──────── RAW DATA

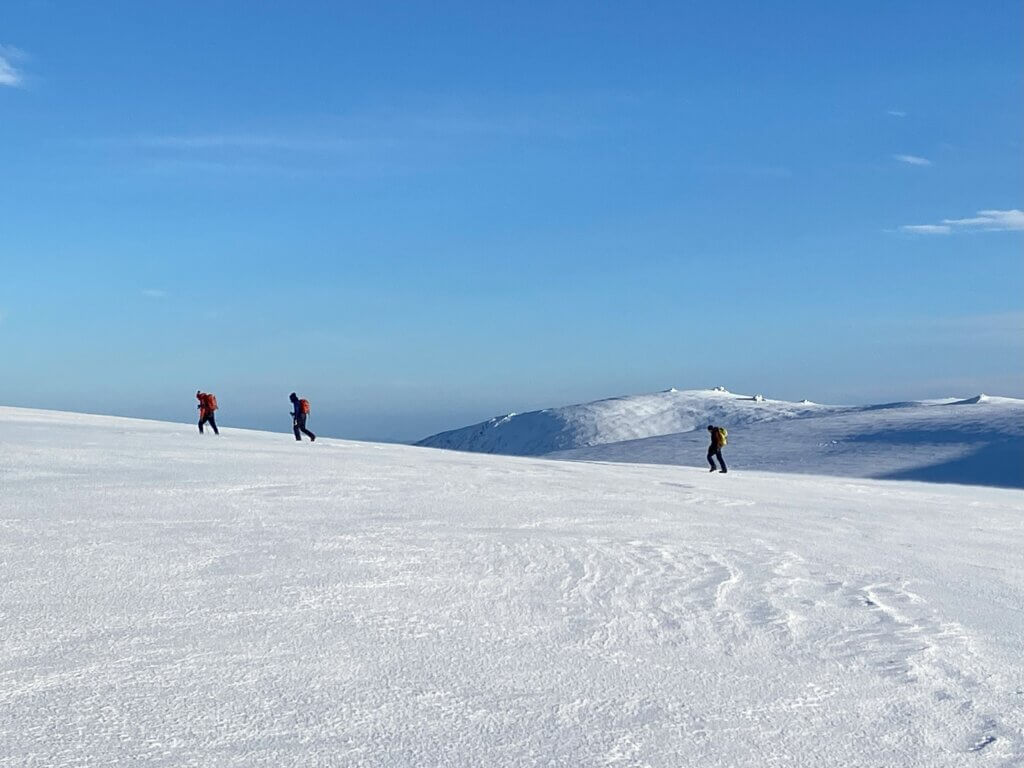 New Year Winter Walking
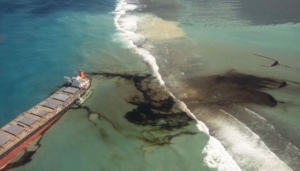 mauritius-oil-spill-the-response-from-civil-society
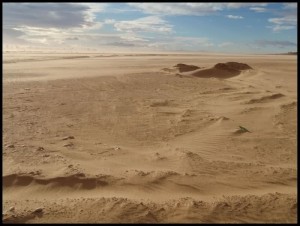 Sahara 54 Boca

────────────────

== WORK INSTRUCTIONS ==
Set down the data above word for word, leaving every picture out.

== RESPONSE AREA ==
 New Year Winter Walking
 mauritius-oil-spill-the-response-from-civil-society
 Sahara 54 Boca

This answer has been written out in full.